Content starts

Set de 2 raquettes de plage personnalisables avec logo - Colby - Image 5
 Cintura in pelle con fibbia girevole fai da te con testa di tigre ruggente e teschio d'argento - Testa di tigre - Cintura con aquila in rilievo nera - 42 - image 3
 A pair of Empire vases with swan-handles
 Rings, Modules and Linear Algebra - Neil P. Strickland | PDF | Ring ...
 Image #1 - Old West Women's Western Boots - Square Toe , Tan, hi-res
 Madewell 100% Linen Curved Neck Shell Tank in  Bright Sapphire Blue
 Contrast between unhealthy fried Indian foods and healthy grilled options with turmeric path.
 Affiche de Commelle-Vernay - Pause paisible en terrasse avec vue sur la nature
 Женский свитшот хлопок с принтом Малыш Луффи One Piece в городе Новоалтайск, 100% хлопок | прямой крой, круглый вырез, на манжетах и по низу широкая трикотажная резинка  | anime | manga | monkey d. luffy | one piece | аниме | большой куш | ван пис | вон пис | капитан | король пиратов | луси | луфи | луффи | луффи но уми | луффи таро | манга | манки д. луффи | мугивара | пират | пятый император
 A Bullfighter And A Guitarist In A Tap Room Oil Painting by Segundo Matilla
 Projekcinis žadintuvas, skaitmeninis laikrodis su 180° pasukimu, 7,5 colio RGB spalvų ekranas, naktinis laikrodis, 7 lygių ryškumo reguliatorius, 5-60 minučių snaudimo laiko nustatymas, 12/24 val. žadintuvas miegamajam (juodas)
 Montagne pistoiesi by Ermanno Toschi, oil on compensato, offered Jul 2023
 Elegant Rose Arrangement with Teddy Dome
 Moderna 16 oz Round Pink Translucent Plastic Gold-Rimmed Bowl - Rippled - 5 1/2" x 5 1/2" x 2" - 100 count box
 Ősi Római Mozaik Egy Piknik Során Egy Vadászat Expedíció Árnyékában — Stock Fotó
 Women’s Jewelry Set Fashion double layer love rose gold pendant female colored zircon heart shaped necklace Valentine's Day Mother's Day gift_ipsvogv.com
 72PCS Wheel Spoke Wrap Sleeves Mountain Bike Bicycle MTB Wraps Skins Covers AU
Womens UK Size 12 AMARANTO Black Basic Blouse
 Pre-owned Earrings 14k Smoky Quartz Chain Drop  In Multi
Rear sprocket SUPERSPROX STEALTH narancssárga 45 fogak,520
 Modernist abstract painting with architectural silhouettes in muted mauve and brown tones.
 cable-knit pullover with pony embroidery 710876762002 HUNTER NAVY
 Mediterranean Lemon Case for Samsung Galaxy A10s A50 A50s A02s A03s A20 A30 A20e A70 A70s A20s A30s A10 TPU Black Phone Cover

Content ends

### Problem to work on
Repeat the data verbatim.

### Result
Set de 2 raquettes de plage personnalisables avec logo - Colby - Image 5
 Cintura in pelle con fibbia girevole fai da te con testa di tigre ruggente e teschio d'argento - Testa di tigre - Cintura con aquila in rilievo nera - 42 - image 3
 A pair of Empire vases with swan-handles
 Rings, Modules and Linear Algebra - Neil P. Strickland | PDF | Ring ...
 Image #1 - Old West Women's Western Boots - Square Toe , Tan, hi-res
 Madewell 100% Linen Curved Neck Shell Tank in  Bright Sapphire Blue
 Contrast between unhealthy fried Indian foods and healthy grilled options with turmeric path.
 Affiche de Commelle-Vernay - Pause paisible en terrasse avec vue sur la nature
 Женский свитшот хлопок с принтом Малыш Луффи One Piece в городе Новоалтайск, 100% хлопок | прямой крой, круглый вырез, на манжетах и по низу широкая трикотажная резинка  | anime | manga | monkey d. luffy | one piece | аниме | большой куш | ван пис | вон пис | капитан | король пиратов | луси | луфи | луффи | луффи но уми | луффи таро | манга | манки д. луффи | мугивара | пират | пятый император
 A Bullfighter And A Guitarist In A Tap Room Oil Painting by Segundo Matilla
 Projekcinis žadintuvas, skaitmeninis laikrodis su 180° pasukimu, 7,5 colio RGB spalvų ekranas, naktinis laikrodis, 7 lygių ryškumo reguliatorius, 5-60 minučių snaudimo laiko nustatymas, 12/24 val. žadintuvas miegamajam (juodas)
 Montagne pistoiesi by Ermanno Toschi, oil on compensato, offered Jul 2023
 Elegant Rose Arrangement with Teddy Dome
 Moderna 16 oz Round Pink Translucent Plastic Gold-Rimmed Bowl - Rippled - 5 1/2" x 5 1/2" x 2" - 100 count box
 Ősi Római Mozaik Egy Piknik Során Egy Vadászat Expedíció Árnyékában — Stock Fotó
 Women’s Jewelry Set Fashion double layer love rose gold pendant female colored zircon heart shaped necklace Valentine's Day Mother's Day gift_ipsvogv.com
 72PCS Wheel Spoke Wrap Sleeves Mountain Bike Bicycle MTB Wraps Skins Covers AU
Womens UK Size 12 AMARANTO Black Basic Blouse
 Pre-owned Earrings 14k Smoky Quartz Chain Drop  In Multi
Rear sprocket SUPERSPROX STEALTH narancssárga 45 fogak,520
 Modernist abstract painting with architectural silhouettes in muted mauve and brown tones.
 cable-knit pullover with pony embroidery 710876762002 HUNTER NAVY
 Mediterranean Lemon Case for Samsung Galaxy A10s A50 A50s A02s A03s A20 A30 A20e A70 A70s A20s A30s A10 TPU Black Phone Cover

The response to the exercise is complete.